| Your goal |
Go to the line with "Árbol en la" in the records below, then output it and each following line exactly, up to and including the line with "Chocolate Shrimp, (4 pack)". Skip pictures and add nothing.

| Recorded data |
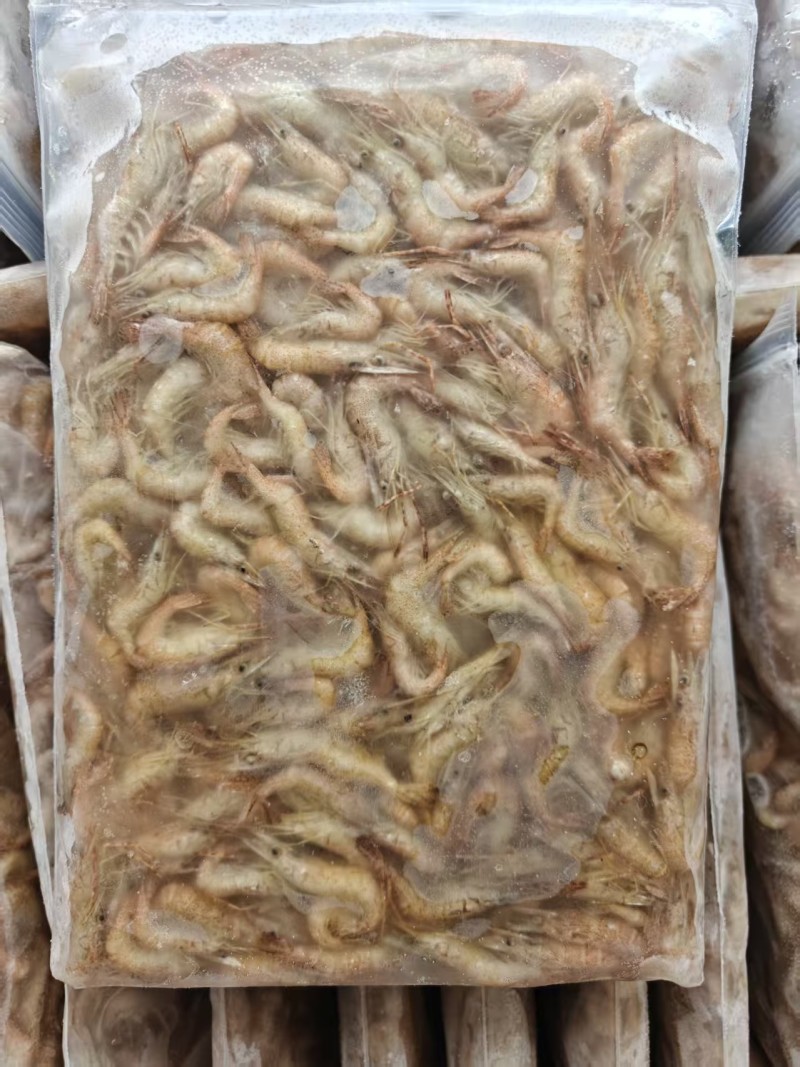 活冻小河虾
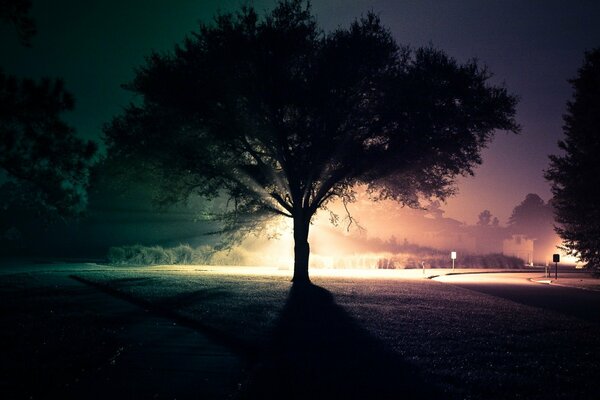 Árbol en la noche en el fondo de una carretera iluminada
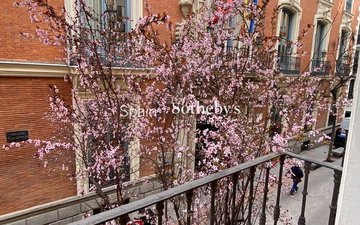 Property slide 11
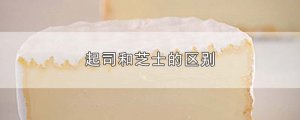 ​起司和芝士的区别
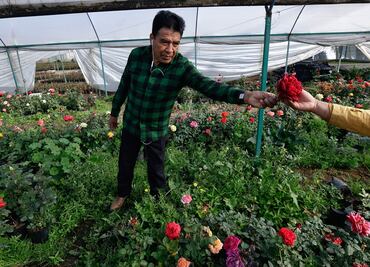 Día de San Valentín: los países con más infieles, ¿qué lugar ocupa México?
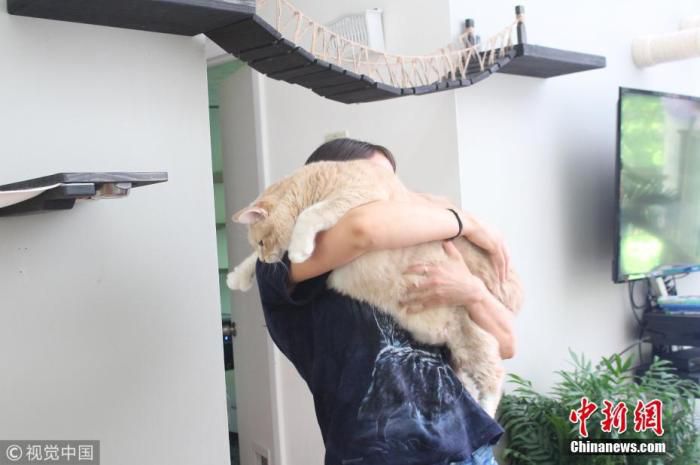 一只胖猫。图片来源：视觉中国 (图文无关)
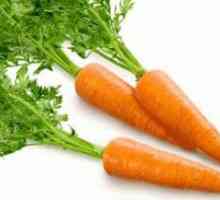 Carrot face mask: comentarii. Masti din morcovi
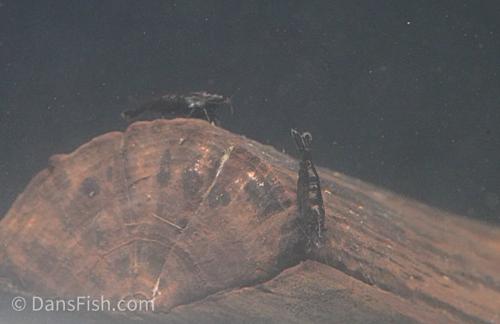 Chocolate Shrimp, (4 pack)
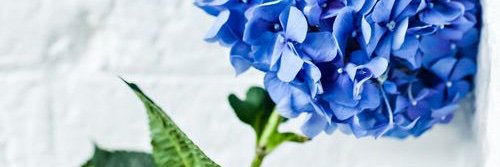 ElmaLaila's profile banner image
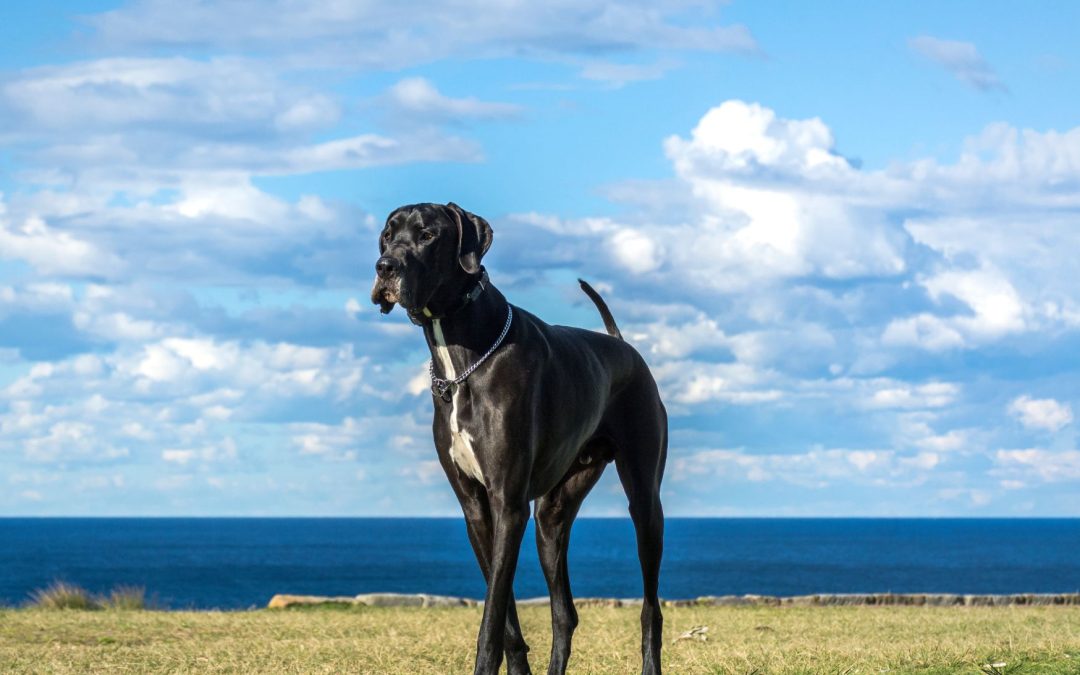 Dog Breed Spotlight: Great Dane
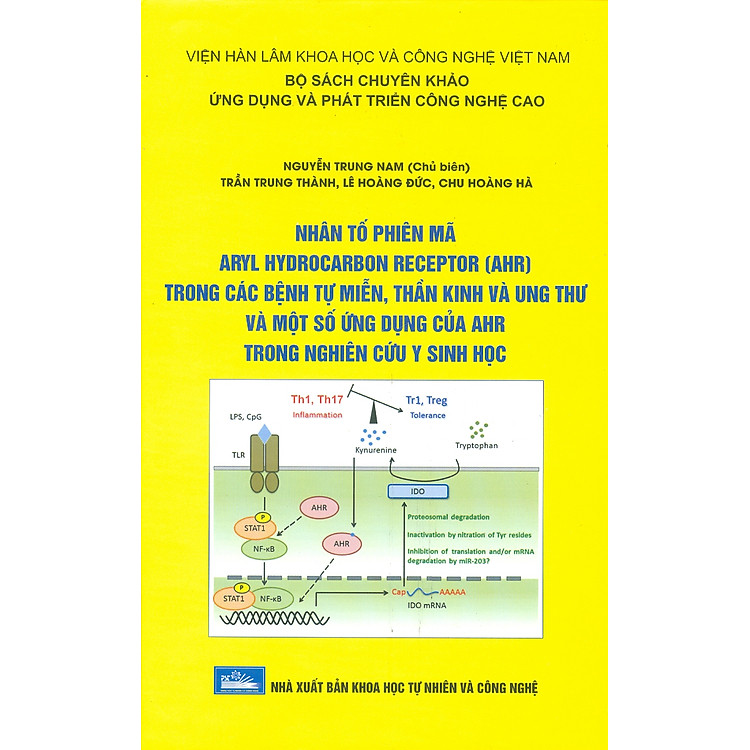 Nhân Tố Phiên Mã Aryl Hydrocarbon Receptor (Ahr) Trong Các Bệnh Tự Miễn, Thần Kinh Và Ung Thư
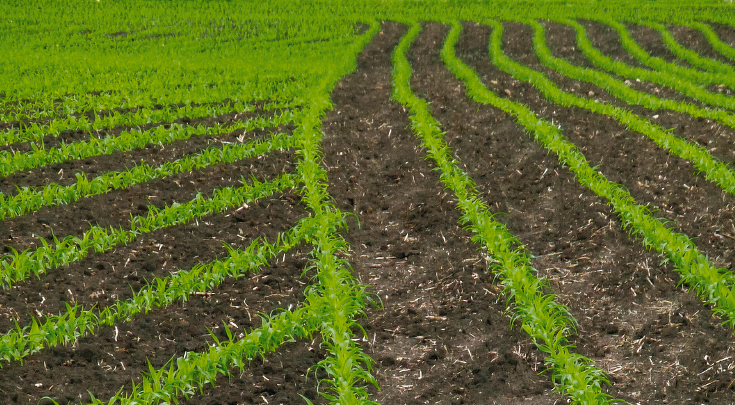 SectionControl-sektsioonide lülitusega haritud põld teravilja jaoks koos põlluotstes ümberpööramisega.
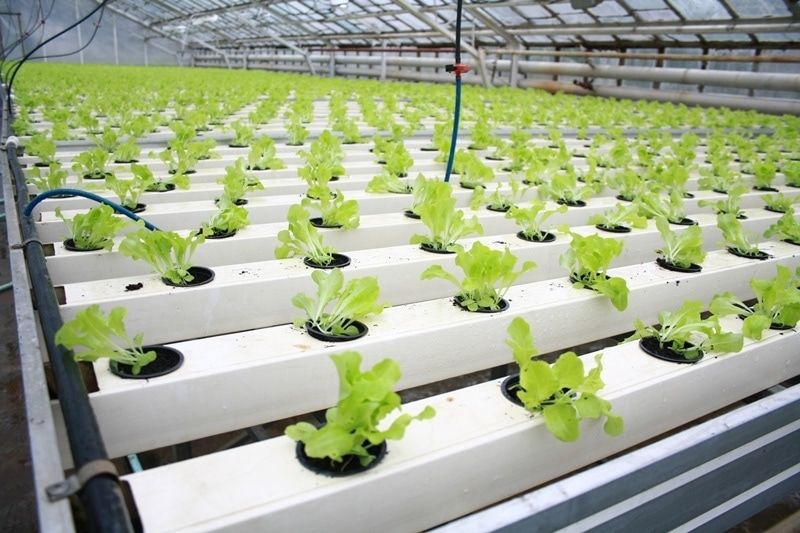 Томские новости, В Томском политехе создали «умные» фитосветильники для теплиц В Томском политехе создали «умные» фитосветильники для теплиц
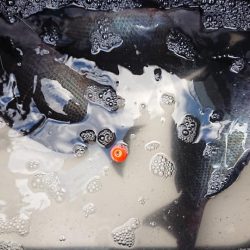 伊豆下田フィッシング 釣果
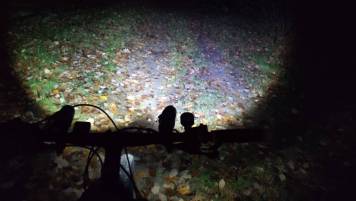 IMG_20201115_172440.jpg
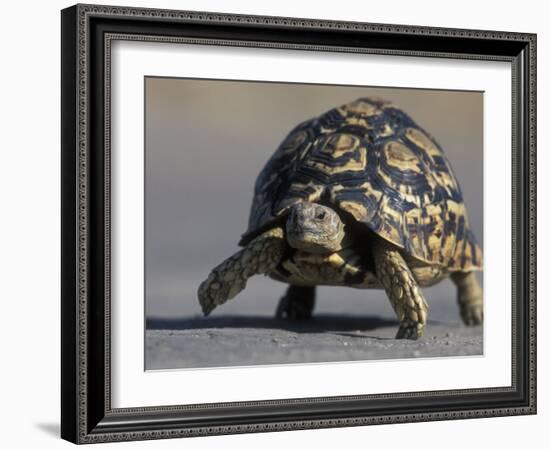 Leopard Tortoise, Savuti Marsh, Chobe National Park, Botswana-Paul Souders-Framed Photographic Print
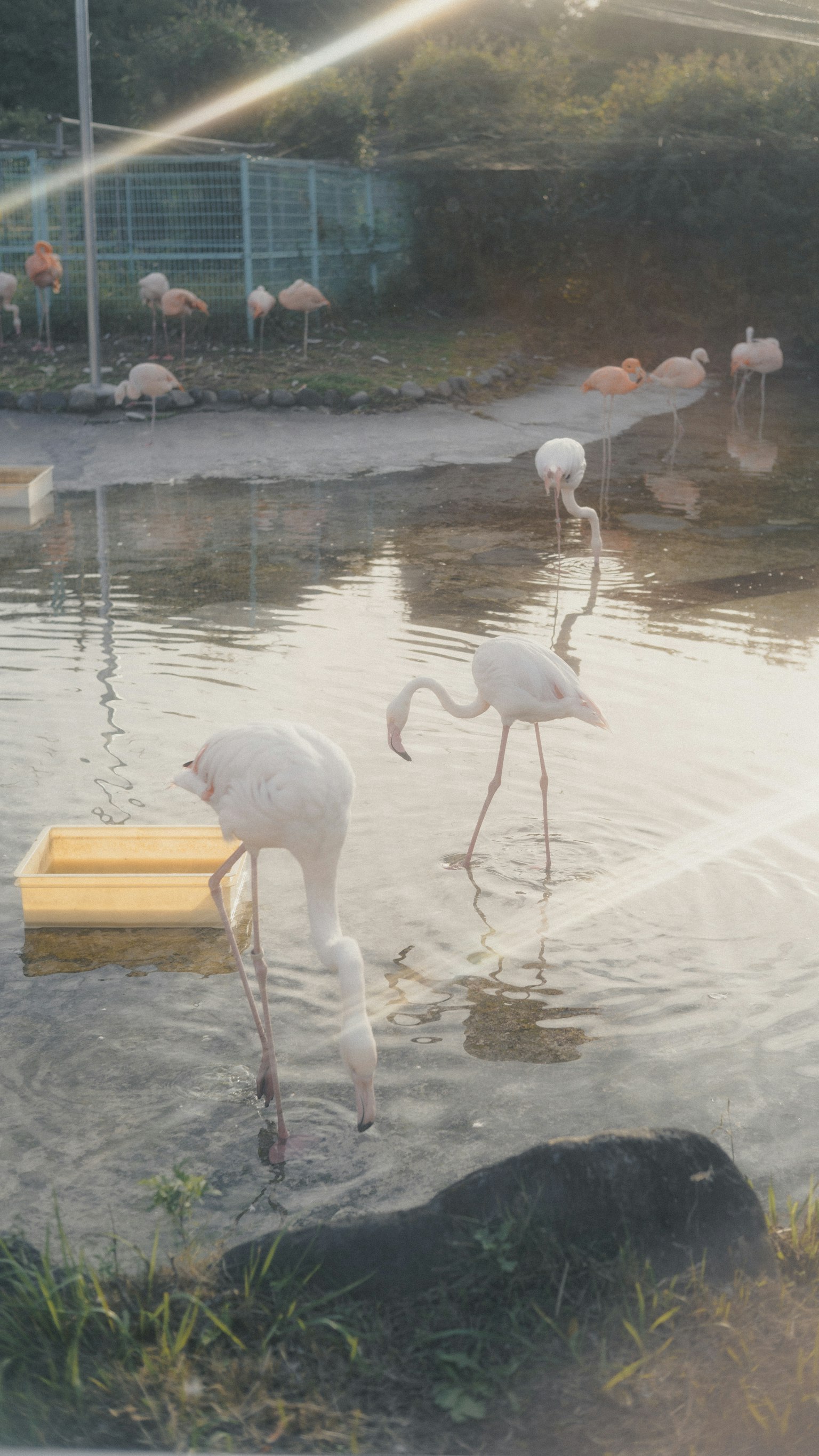 水辺でフラミンゴが歩いている風景 黄色い箱が水に浮かんでいる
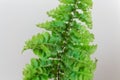 Leaves of the fern Nephrolepis exaltata Royalty Free Stock Photo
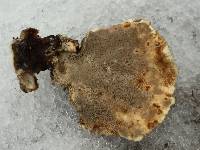 Trametes versicolor image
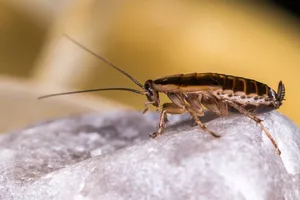 Close-up Image Of A Baby German Cockroach Wallpaper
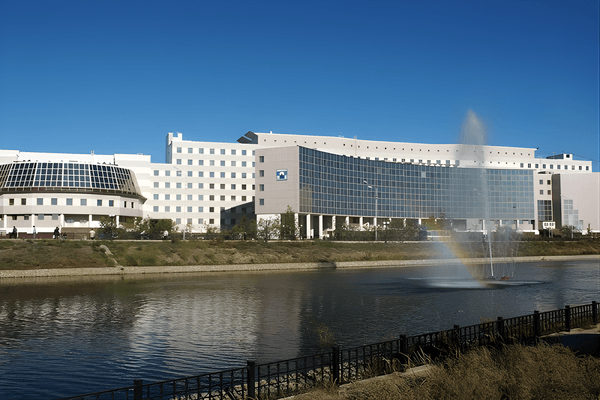 North-Eastern Federal University Institute of Medicine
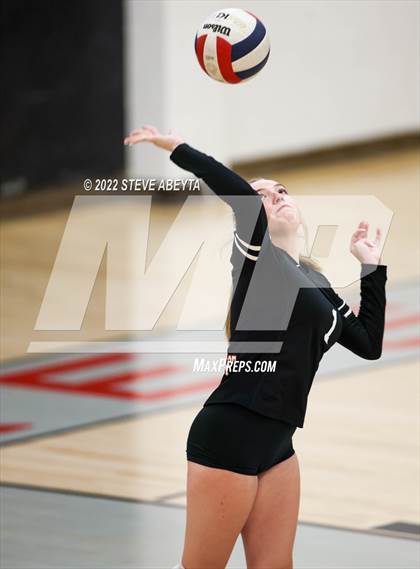 Thumbnail 2 in JV: Columbine @ Eaglecrest photogallery.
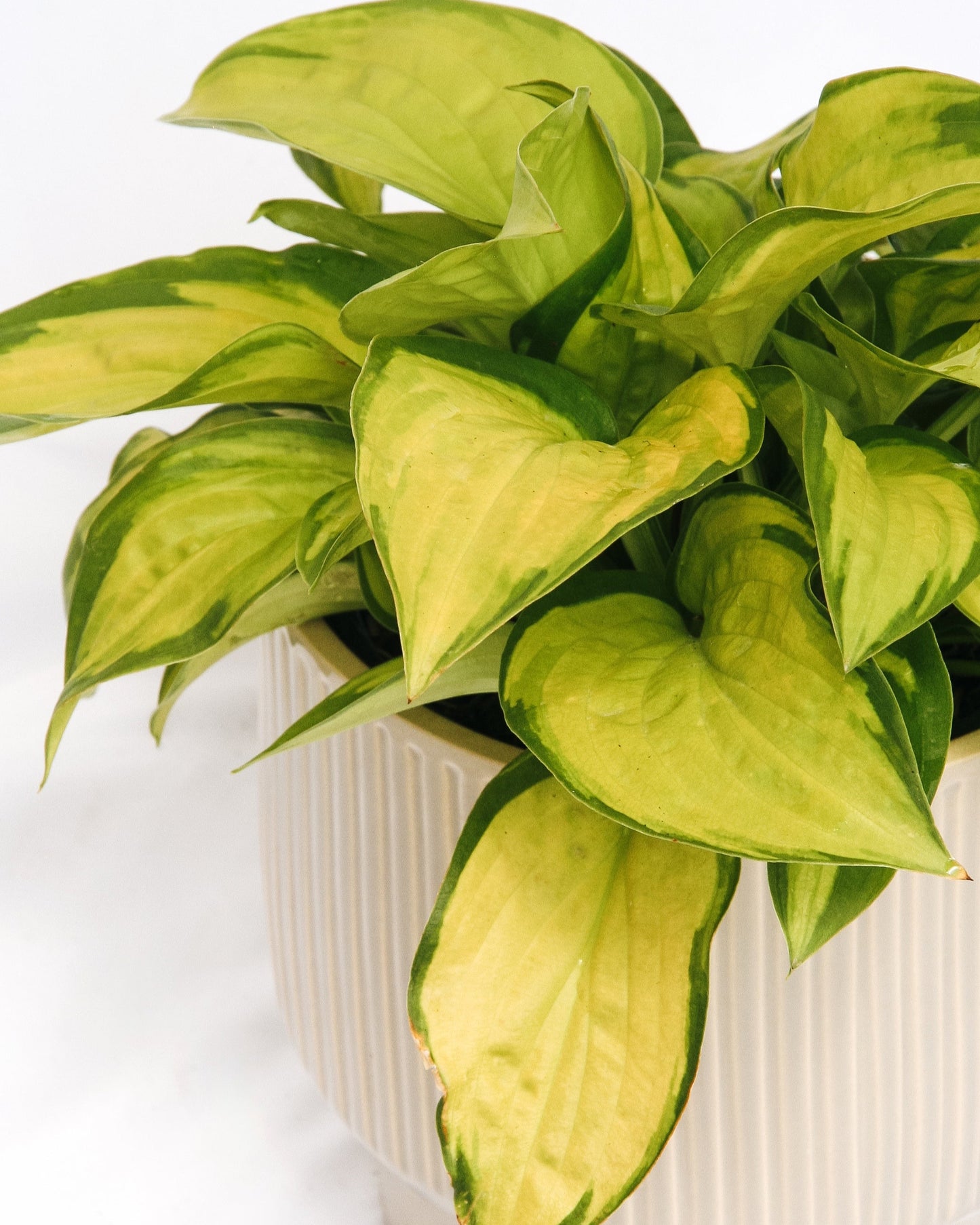Stained Glass Plantain Lily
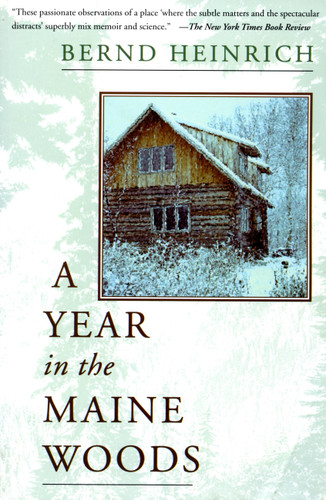 A Year In The Maine Woods book cover by Bernd Heinrich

| Solution to the exercise |
 Árbol en la noche en el fondo de una carretera iluminada
 Property slide 11
 ​起司和芝士的区别
 Día de San Valentín: los países con más infieles, ¿qué lugar ocupa México?
 一只胖猫。图片来源：视觉中国 (图文无关)
 Carrot face mask: comentarii. Masti din morcovi
 Chocolate Shrimp, (4 pack)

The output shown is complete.